**Your instructions:**
Reproduce the line that contains "Group holding Here" and every line after it through the end of the records, exactly, with nothing added.

━━━ Task material ━━━

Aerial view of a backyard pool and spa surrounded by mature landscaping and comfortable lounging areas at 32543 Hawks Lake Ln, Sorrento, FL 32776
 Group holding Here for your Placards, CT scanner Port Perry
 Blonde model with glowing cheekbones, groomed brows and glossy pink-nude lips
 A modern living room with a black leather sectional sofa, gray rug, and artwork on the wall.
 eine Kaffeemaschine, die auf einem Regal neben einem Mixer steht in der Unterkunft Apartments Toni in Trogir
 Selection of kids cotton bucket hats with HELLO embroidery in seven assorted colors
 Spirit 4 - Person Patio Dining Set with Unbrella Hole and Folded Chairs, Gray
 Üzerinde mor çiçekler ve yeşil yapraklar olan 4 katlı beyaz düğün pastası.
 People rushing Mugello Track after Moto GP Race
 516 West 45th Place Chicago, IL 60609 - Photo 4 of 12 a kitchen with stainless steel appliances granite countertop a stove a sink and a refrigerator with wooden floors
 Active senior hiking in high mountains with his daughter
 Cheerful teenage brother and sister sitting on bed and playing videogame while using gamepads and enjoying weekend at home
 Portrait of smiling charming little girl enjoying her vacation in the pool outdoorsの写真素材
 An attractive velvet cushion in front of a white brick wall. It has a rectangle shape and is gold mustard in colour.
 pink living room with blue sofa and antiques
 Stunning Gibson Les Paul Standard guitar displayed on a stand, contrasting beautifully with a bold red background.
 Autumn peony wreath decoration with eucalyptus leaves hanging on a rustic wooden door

━━━

**Answer to this exercise:**
 Group holding Here for your Placards, CT scanner Port Perry
 Blonde model with glowing cheekbones, groomed brows and glossy pink-nude lips
 A modern living room with a black leather sectional sofa, gray rug, and artwork on the wall.
 eine Kaffeemaschine, die auf einem Regal neben einem Mixer steht in der Unterkunft Apartments Toni in Trogir
 Selection of kids cotton bucket hats with HELLO embroidery in seven assorted colors
 Spirit 4 - Person Patio Dining Set with Unbrella Hole and Folded Chairs, Gray
 Üzerinde mor çiçekler ve yeşil yapraklar olan 4 katlı beyaz düğün pastası.
 People rushing Mugello Track after Moto GP Race
 516 West 45th Place Chicago, IL 60609 - Photo 4 of 12 a kitchen with stainless steel appliances granite countertop a stove a sink and a refrigerator with wooden floors
 Active senior hiking in high mountains with his daughter
 Cheerful teenage brother and sister sitting on bed and playing videogame while using gamepads and enjoying weekend at home
 Portrait of smiling charming little girl enjoying her vacation in the pool outdoorsの写真素材
 An attractive velvet cushion in front of a white brick wall. It has a rectangle shape and is gold mustard in colour.
 pink living room with blue sofa and antiques
 Stunning Gibson Les Paul Standard guitar displayed on a stand, contrasting beautifully with a bold red background.
 Autumn peony wreath decoration with eucalyptus leaves hanging on a rustic wooden door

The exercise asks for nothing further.